Сестры помогали Маяковскому, когда он работал в «Окнах РОСТА» – ночами рисовали плакаты, а Ольга работала еще и секретарем в журнале «ЛЕФ». Старались не подвести брата, выполнить все, что требуется.
Во время выступлений в Москве, Маяковский приглашал сестер, но никогда не звал Александру Алексеевну, ей он объяснял это так: «Мамочка, я не хочу, чтобы вы бывали на вечерах, где меня ругают и нападают на меня. Вам будет неприятно, и вы будете волноваться». Но на свою итоговую выставку «20 лет работы» все же пригласил и очень волновался, что она устанет, ей нужно присесть. Павел Лавут вспоминал, как поэт поцеловал мать на прощание, а потом сказал, словно извиняясь: «Ну, маму поцеловать можно!».
«Володя, как и мы, любил Пресненский район и часто бывал у нас. И когда приходил, войдет и сразу проходит в ванную. Сначала мыл руки в ванной, а затем здоровался, целовался с нами, спрашивал, что нового. Мама суетилась, чтобы чаем его напоить, приготовляла вкусные печенья, которые он любил. Как-то мы сидели за столом. Мама села рядом с Володей и угощала его. Он повернулся к ней, гладил маму своими большими руками и говорил:
– Мамочка, а что будет, если я вам дачу построю?
– Не нужно. Зачем мне дача? – ответила мама.
– Ну, если маленькую. Ведь хорошо будет!

Мама опять:
– Не нужно мне дачи.

Тогда он сказал:
– Ну, автомобиль куплю.
– И автомобиль мне не нужно. Куда мне ездить?
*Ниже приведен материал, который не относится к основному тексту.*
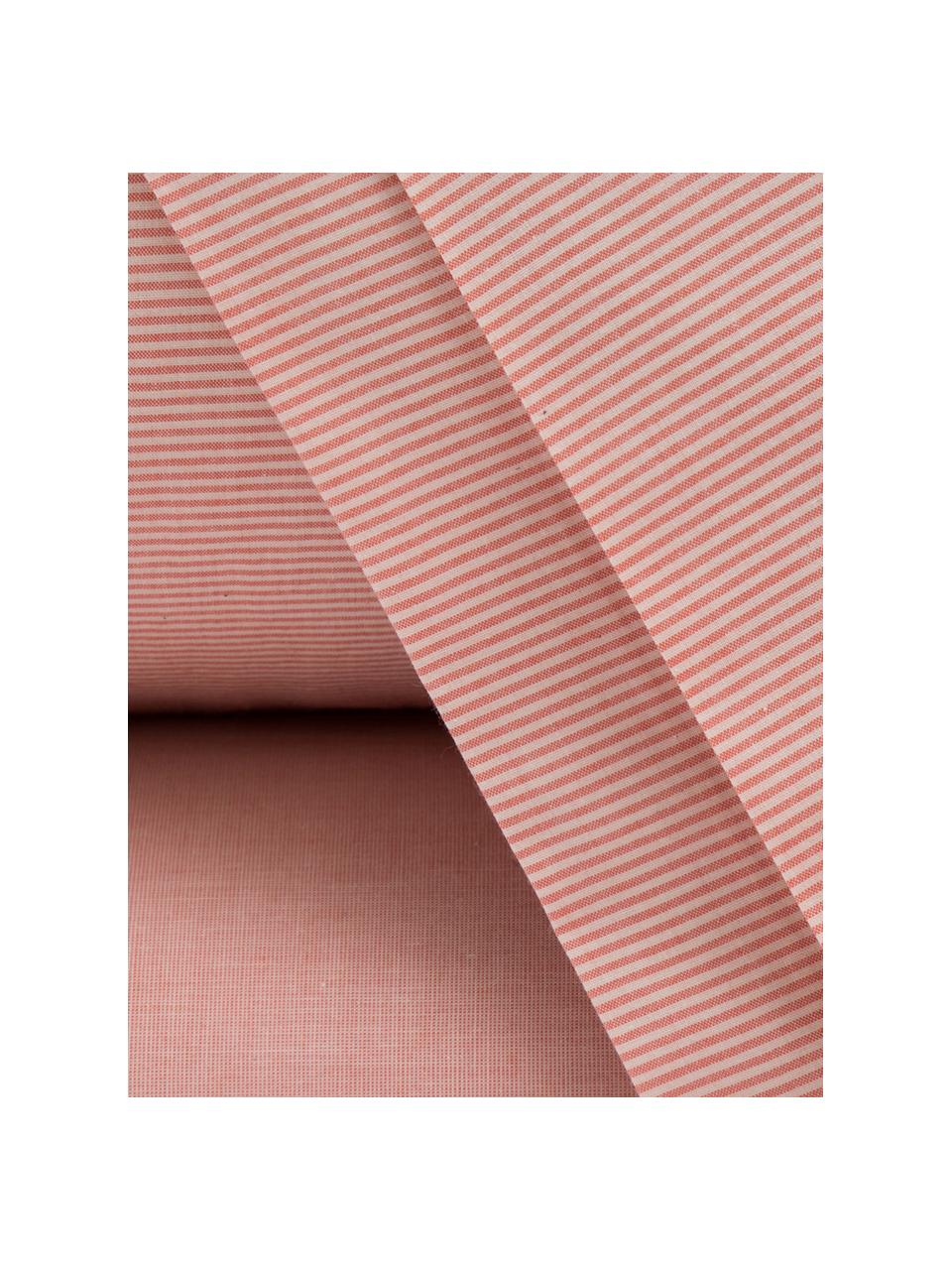 Set lenzuola in percalle Stripes, Tessuto: percalle Il percalle è un, Terracotta, crema, 260 x 295 cm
Придумывал еще и предлагал маме, что он ей купит, а маме ничего не нужно было».
Людмила Маяковская
Будучи молодым и без особого заработка, он обращался к матери и сестрам за финансовой поддержкой, но, начав получать гонорары, всегда поддерживал деньгами и привозил подарки. Маяковский помог семье и с отдельной квартирой в Москве. Когда Людмила получала жилплощадь в Студенецком переулке в конце 1927 года от «Трехгорной мануфактуры», где к тому моменту проработала 17 лет, поэт внес первоначальную денежную сумму для вступления в кооператив, а также добился установки телефона.
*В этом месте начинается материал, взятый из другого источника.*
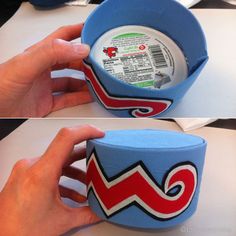 two pictures of a blue cup with red and white designs on it, one showing the inside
После смерти поэта, мама и сестры сделали все возможное, чтоб увековечить его память. Можно сколько угодно говорить о том, что Людмила создала образ Маяковского – рупора революции, советского поэта, закостеневшего в веках, а в войне с футуризмом и Лилей Брик забывала о его лучших стихотворениях и большой части творчества. Но и сделала ради сохранения его имени и наследия она немало. Неоспорим тот факт, что Владимир любил своих старших сестер и маму, а они в нем души не чаяли, его смерть стала самым большим ударом для семьи.
Именно Александра Алексеевна сшила Маяковскому его знаменитую полосатую желтую кофту, в которой он выступал в компании футуристов. Людмила Маяковская вспоминала, как однажды «вошла в комнату и вижу: мама у туалетного столика примеряет Володе кофту из бумазеи с широкими полосами желтого и черного цветов. Я собиралась рассердиться на Володю за эту очередную выдумку, но, увидев, как идет к нему кофта, оттеняя красивое смуглое лицо, как горят смелым блеском его глаза, как горда и решительна в наступательном движении его высокая и складная молодая фигура, я спасовала. Володя торопил. Мама и сестра вдвоем дошивали кофту. Так появилась на свет нашумевшая желтая кофта. Популярность желтой кофты росла и росла…».